— Assigned task —
Output the data below exactly as it is, dropping the pictures from your copy.

— Data segment —
+ + +

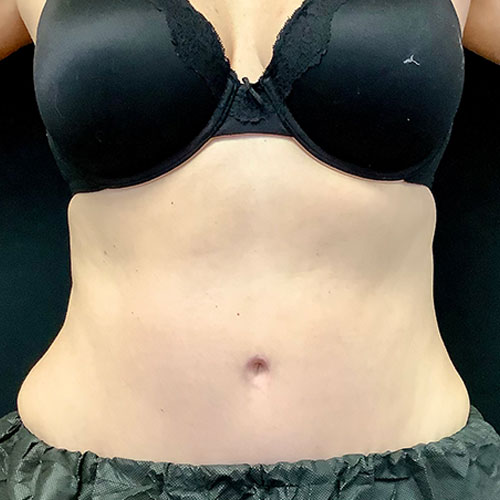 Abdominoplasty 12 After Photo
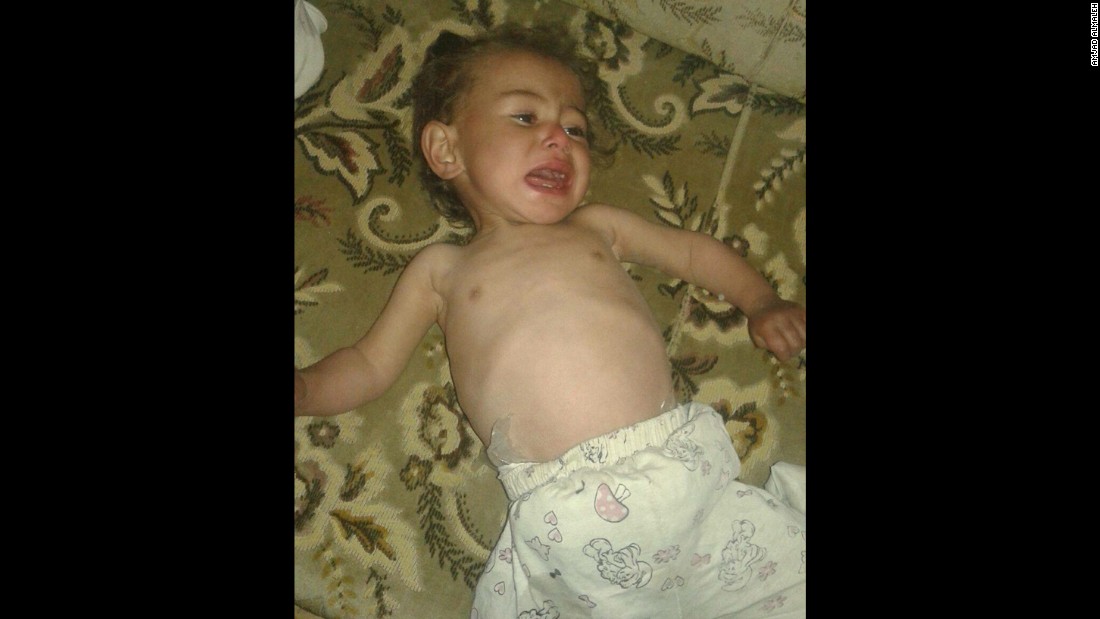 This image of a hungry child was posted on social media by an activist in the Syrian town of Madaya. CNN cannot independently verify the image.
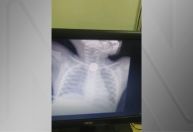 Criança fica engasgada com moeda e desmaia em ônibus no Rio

+ + +

— Answer section —
 Abdominoplasty 12 After Photo
 This image of a hungry child was posted on social media by an activist in the Syrian town of Madaya. CNN cannot independently verify the image.
 Criança fica engasgada com moeda e desmaia em ônibus no Rio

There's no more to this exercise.